Accrued, unused earned sick leave also carries over from year to year subject to the 64-hour usage cap. This year-to-year period must coincide with the employer’s defined 12-month period. Employees may use earned sick leave to tend to their own or a family member’s:
- Illness, injury, or health condition (health condition) or its care or treatment;
- Medical diagnosis of a health condition;
- Preventative medical care; or
- Treatment, counseling, relocation, or legal preparation when they are a victim of domestic abuse, sexual assault, or stalking.
Employees may also use HWA leave for meetings at their child’s school or place of care related to the child’s health or disability. However, employees do not have a right to a payout of accrued, unused earned sick leave upon separation of employment.
The Act also includes:
- Protections for the employee’s accrued, unused earned sick leave when they are transferred but remain with the same employer (entitled to use it and keep all rights to it) or are terminated but get rehired within 12 months (accrued, unused earned sick leave is reinstated upon rehire);
- A ban on employers requiring employees to find replacement workers as a condition to taking leave or requiring employees to use other paid leave before they use HWA sick leave;
- Terms regarding incremental use.
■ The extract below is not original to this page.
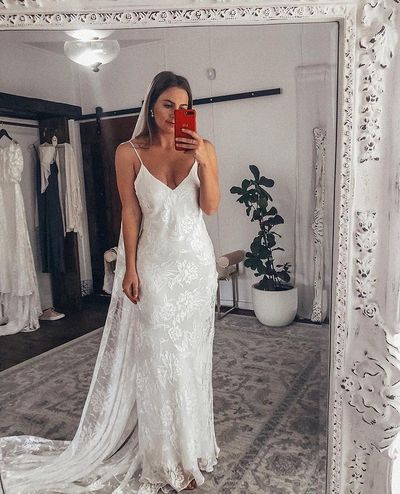 Beautiful Mermaid V Neck Spaghetti Straps Wedding Dresses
Earned sick leave may be used in hourly increments or the smallest increment that the employer’s payroll system uses to account for absences (or use of other time), whichever is smaller; and
- Notice, posting, documentation, and recordkeeping requirements, along with antiretaliation provisions, employer liability, and how HWA will be enforced.
Employers with policies providing equivalent leave benefits as those required by the law will be deemed in compliance.
Penalties for employer violations of the paid leave law include damages, back pay, reinstatement and attorney’s fees, among others.